What you will do: Without including any pictures, write out the data below exactly.

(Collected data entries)
======

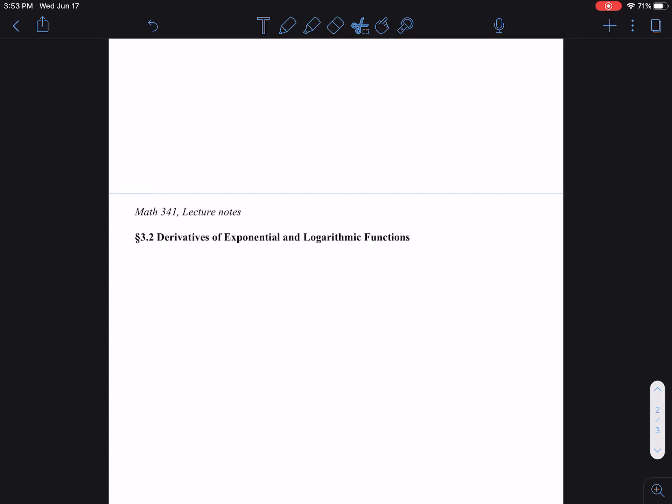Alright guys, so in this video we're going to continue with chapter 3, lecture 3.2. The topic is derivatives of exponential and logarithmic functions.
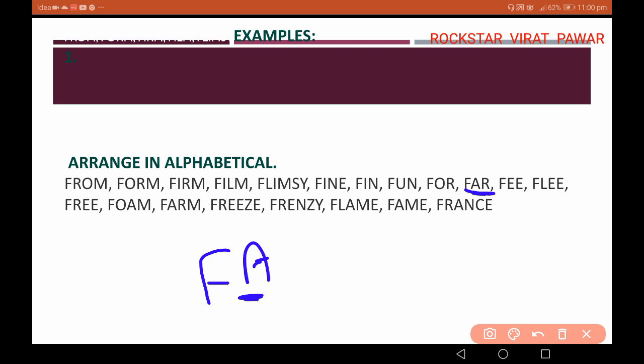Free, flee, free, form, foam. Then freeze, fringe, flame, fame, France. We continue arranging these words in the correct alphabetical sequence.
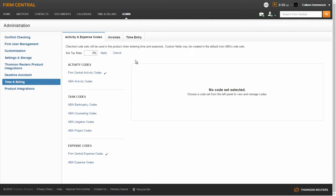On the Activity and Expense Codes tab, you can set your tax rate. To do this, enter your tax percentage and click Apply.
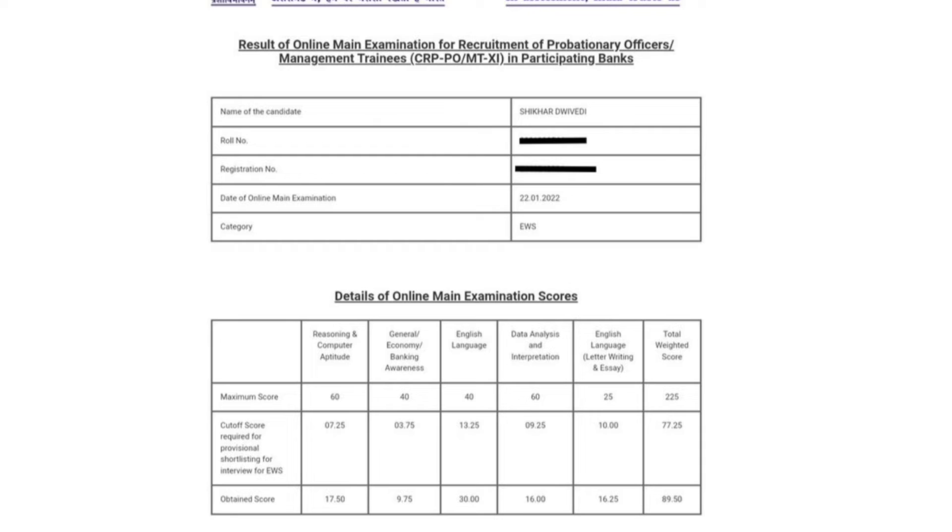If we talk about data analysis and interpretation, it was cut off from 9.25, when the number is 16.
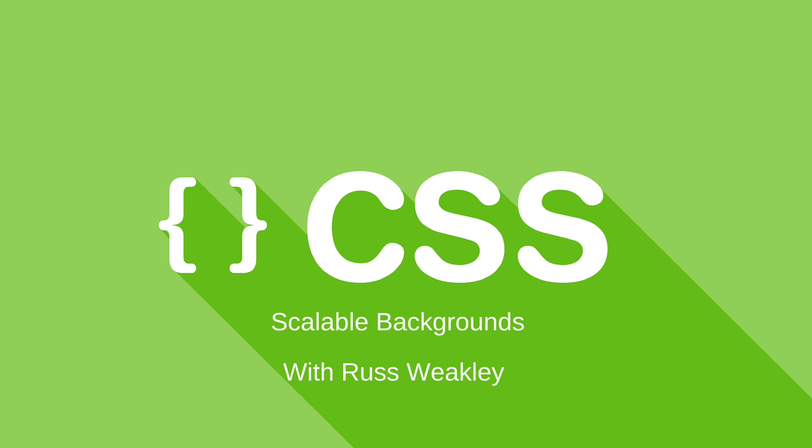G'day, my name is Russ Weakley from Max Design. I'm going to be doing a quick demonstration of scalable background images using CSS.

======

Response to this task:
Alright guys, so in this video we're going to continue with chapter 3, lecture 3.2. The topic is derivatives of exponential and logarithmic functions.
Free, flee, free, form, foam. Then freeze, fringe, flame, fame, France. We continue arranging these words in the correct alphabetical sequence.
On the Activity and Expense Codes tab, you can set your tax rate. To do this, enter your tax percentage and click Apply.
If we talk about data analysis and interpretation, it was cut off from 9.25, when the number is 16.
G'day, my name is Russ Weakley from Max Design. I'm going to be doing a quick demonstration of scalable background images using CSS.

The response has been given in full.